RBA Raises Cash Rate to 2.85% for November 2022

The Reserve Bank has announced its latest decision on interest rates after receiving conflicting predictions from economists and commentators.

The RBA has chosen to raise the cash rate target by 25 basis points this month, bringing it up to 2.85 per cent.

The move increases the cash rate to 2.85 percent from 0.1 per cent in May, the most rapid tightening cycle in recent history.

“As is the case in most countries, inflation in Australia is too high,” Governor Philip Lowe said. “Over the year to September the CPI inflation was 7.3 per cent, the highest it has been in more than three decades.” 

“A further increase in inflation is expected over the months ahead, with inflation now forecast to peak at around 8 per cent later this year.” He then added, “Inflation is then expected to decline next year due to the ongoing resolution of global supply-side problems, recent declines in some commodity prices and slower growth in demand.”  

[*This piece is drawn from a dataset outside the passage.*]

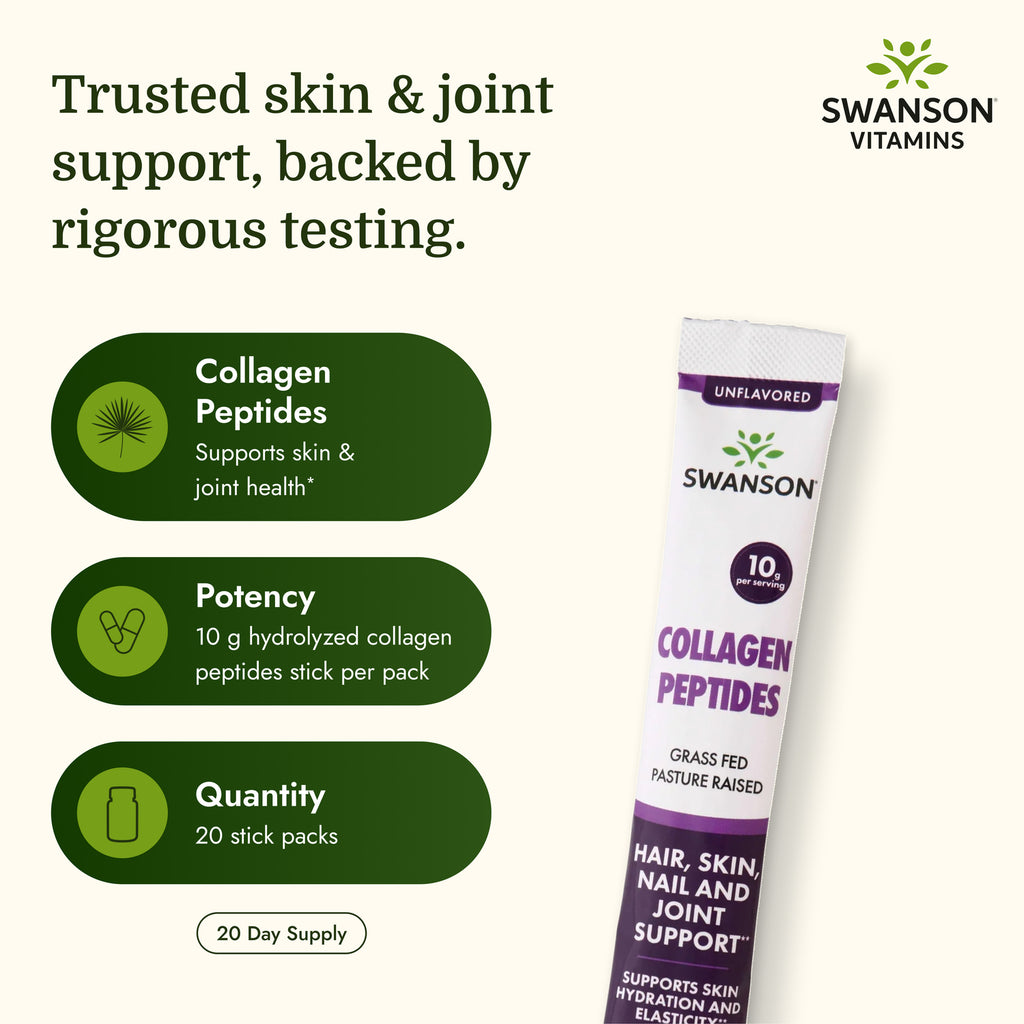 SW1968 | Swanson Vitamins collagen peptides infographic with skin and joint support, potency, and quantity details - Thumbnail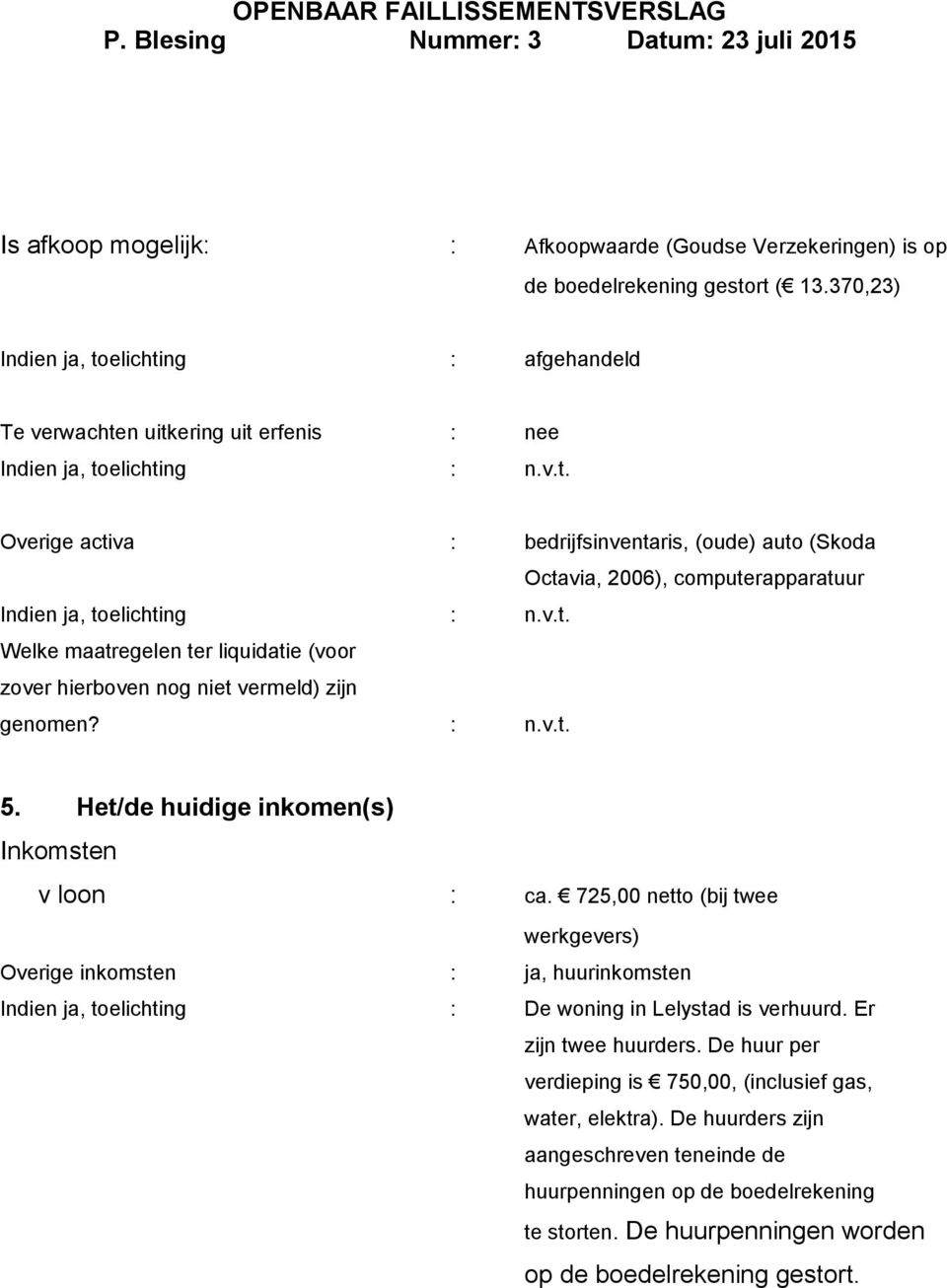 v.t. Welke maatregelen ter liquidatie (voor zover hierboven nog niet vermeld) zijn genomen? : n.v.t. 5. Het/de huidige inkomen(s) Inkomsten v loon : ca.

Finder’s survey of economists and commentators showed that around 59% of respondents thought that rates would remain on hold. AMP Capital chief economist Shane Oliver was amongst those who predicted that rates would stay the same, citing falling freight rates, delivery lags and input cost indicators as evidence of easing supply constraints.

Mr Oliver pointed out that interest rate hikes and falling commodity prices had caused a slowdown in demand, and he believes this will lower inflation from now until 2023. CPA Australia business investment policy manager Gavan Ord said that, on the contrary, the Reserve Bank’s rate rise today was to be expected.

Mr Ord said, “Inflation is still running hot and we expect further rises in the coming months.” 

“Businesses must ensure they continue to factor in future rate rises and their impact on trading conditions. Consumer confidence is already low,” he added.

Mr Ord explained that increased interest rates usually cause bigger loan repayments for those with mortgages and businesses with variable rates.

“We’re also seeing property prices slipping. Higher rates and falling home values will further dampen peoples’ willingness to spend at this critical time of year,” said Mr Ord.

“If consumers expect rates to rise further, we will likely see more hesitancy at the checkout this Christmas. Shoppers could shift away from top-end treats to budget-friendly alternatives. Some households may reduce their splurge. Businesses should prepare for customers changing what they spend on and where during the biggest holiday of the year.”

These recent changes might have given you more questions in mind. If you have further questions, or if you need advice from Tax Experts in Australia, send us a message now. Our Financial Advisors are equipped with the knowledge and skills to help you with your financial journey as a Doctor or Medical Professional.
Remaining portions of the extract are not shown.